1. Meninggalkan Shalat Merupakan Kekufuran
Allah subhanahu wata’ala berfirman mengenai orang-orang Musyrikin, artinya, “Jika mereka bertaubat, mendirikan shalat dan menunaikan zakat, maka (mereka itu) adalah saudara-saudaramu seagama.” (at-Taubah:11)

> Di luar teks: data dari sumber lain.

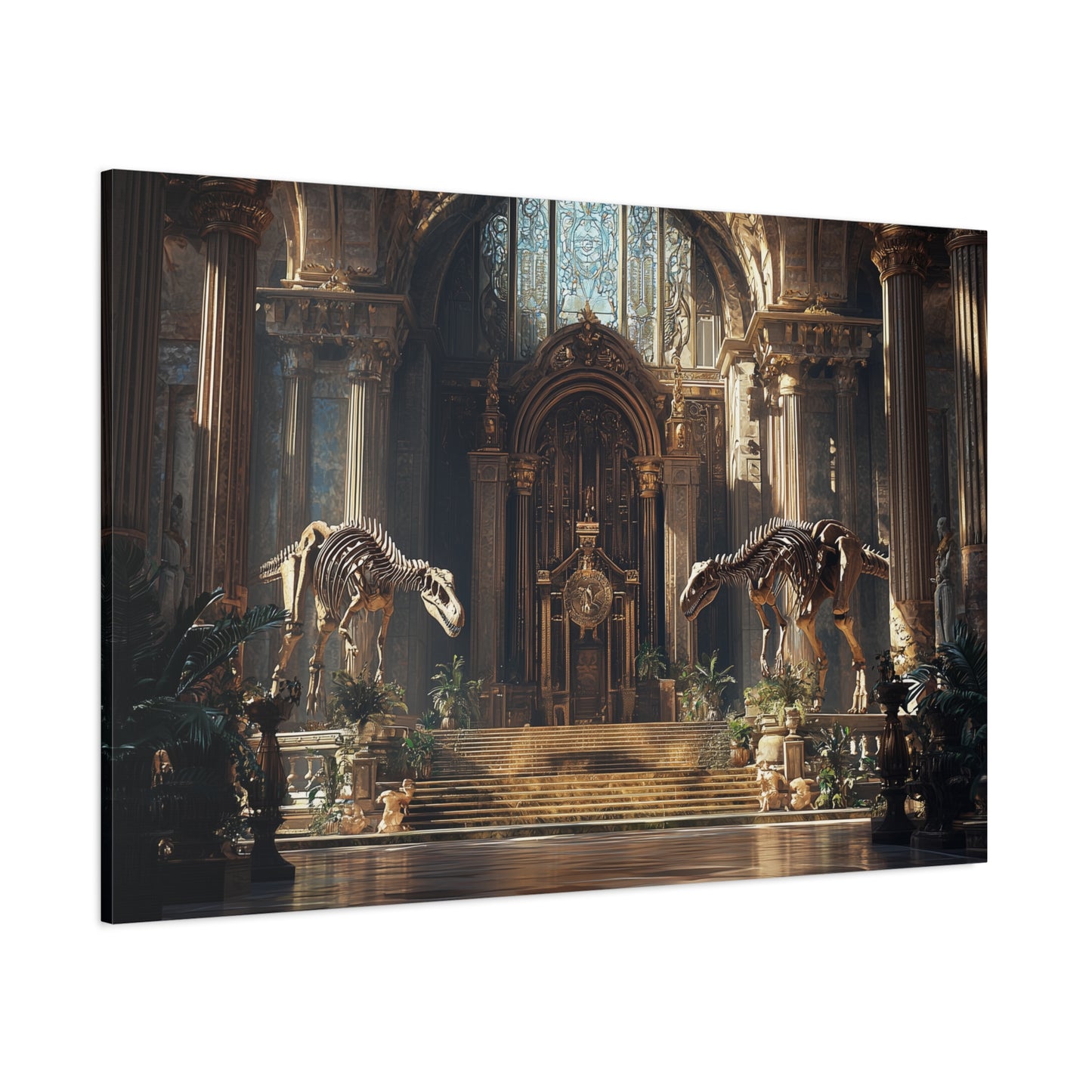 Eldritch Throne Canvas Print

Yakni, jika mereka bertaubat dari kesyirikan dan kekufuran mereka,
mendirikan shalat dengan meyakini kewajibannya, melaksanakan
rukun-rukunnya dan membayar zakat yang diwajibkan, maka mereka adalah
saudara di dalam agama Islam. Jadi, yang dapat difahami dari ayat ini,
bahwa siapa saja yang ngotot melakukan kesyirikan, meninggalkan shalat
atau menolak membayar zakat maka ia bukan saudara kita dalam agama
Islam.
Dalam sebuah hadits dari Jabir bin Abdullah radhiyallahu ‘anhu, ia
berkata, Rasulullah shallallahu ‘alaihi wasallam bersabda,
“(Pembeda)antara seseorang dan kekufuran adalah meninggalkan shalat.”
(HR Muslim)
Imam Ahmad rahimahullah berkata, “Aku khawatir tidak halal bagi
laki-laki (suami) diam bersama isteri yang tidak melakukan shalat, tidak
mandi jinabah dan tidak mempelajari al-Qur’an.”
Terlepas dari perbedaan pendapat para ulama seputar jenis kekufuran
orang yang meninggalkan shalat karena bermalas-malasan meskipun
menyakini kewajibannya, maka yang pasti perbuatan itu amat dimurkai.
2. Meninggalkan Shalat Merupakan Kemunafikan.
Mengenai hal ini, Allah subhanahu wata’ala berfirman, artinya: “Sesungguhnya
orang-orang munafik itu menipu Allah dan Allah akan membalas tipuan
mereka. Dan apabila mereka berdiri untuk shalat mereka berdiri dengan
malas. Mereka bermaksud riya’ (dengan shalat) di hadapan manusia dan
tidaklah mereka menyebut Allah melainkan sedikit sekali.” (an-Nisa`:142)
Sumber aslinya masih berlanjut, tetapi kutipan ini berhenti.